OX applies only when demand for a product is constant over the year and each new order is delivered in full when inventory reaches zero. There is a fixed cost for each order placed, regardless of the number of units ordered. There is also a cost for each unit held in storage, commonly known as holding cost, sometimes expressed as a percentage of the purchase cost of the item. We want to determine the optimal number of units to order so that we minimize the total cost associated with the purchase, delivery and storage of the product.
The required parameters to the solution are the total demand for the year, the purchase cost for each item, the fixed cost to place the order and the storage cost for each item per year. Note that the number of times an order is placed will also affect the total cost, though this number can be determined from the other parameters. The following are its underlying assumptions: The ordering cost is constant. The rate of demand is known, and spread evenly throughout the year.
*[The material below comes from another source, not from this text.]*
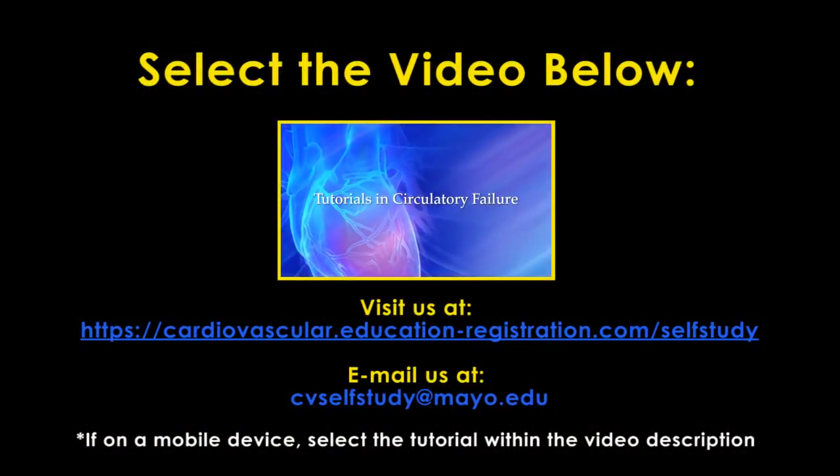To preview one of the circulatory failure tutorials, click on the video on this screen. For information on the tutorials in circulatory failure series, as well as information about how to obtain CME credit for these programs, please visit our website or email us at the address on the screen.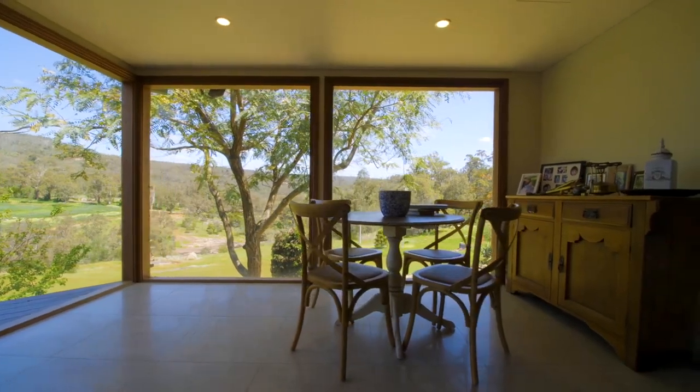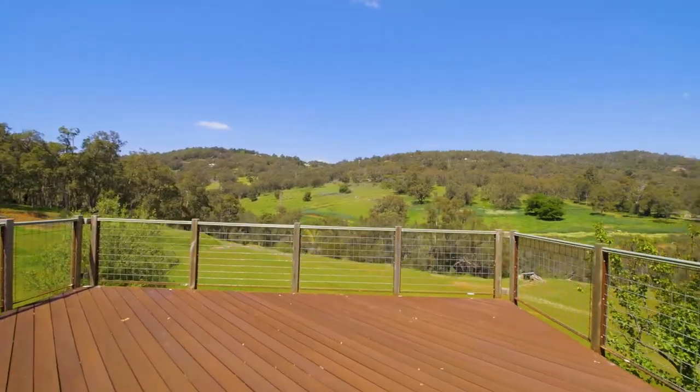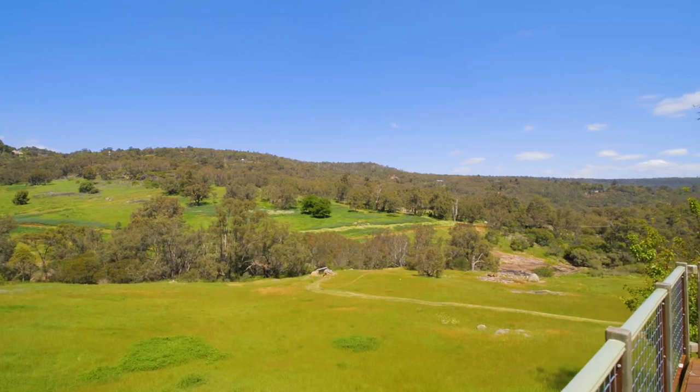Large timber windows and doors soak up all the natural light and the view draws you out to the decking. You can even just sit quietly and feed the friendly magpies.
The lead time is fixed. The purchase price of the item is constant i. E. o discount is available The blandishment is made instantaneously, the whole batch is delivered at once. Only one product is involved. EGO is the quantity to order, so that the sum of ordering cost and holding cost is at its minimum. These costs will be equal to one another at the minimized cost point. The group agree that Impulse Lights’ main departure from conventional EGO theory is the influence of the ‘container load’ in the case. Since shipping items where the total load is less than a full container is relatively expensive the theoretical economic order quantity is slightly less than a full container dad.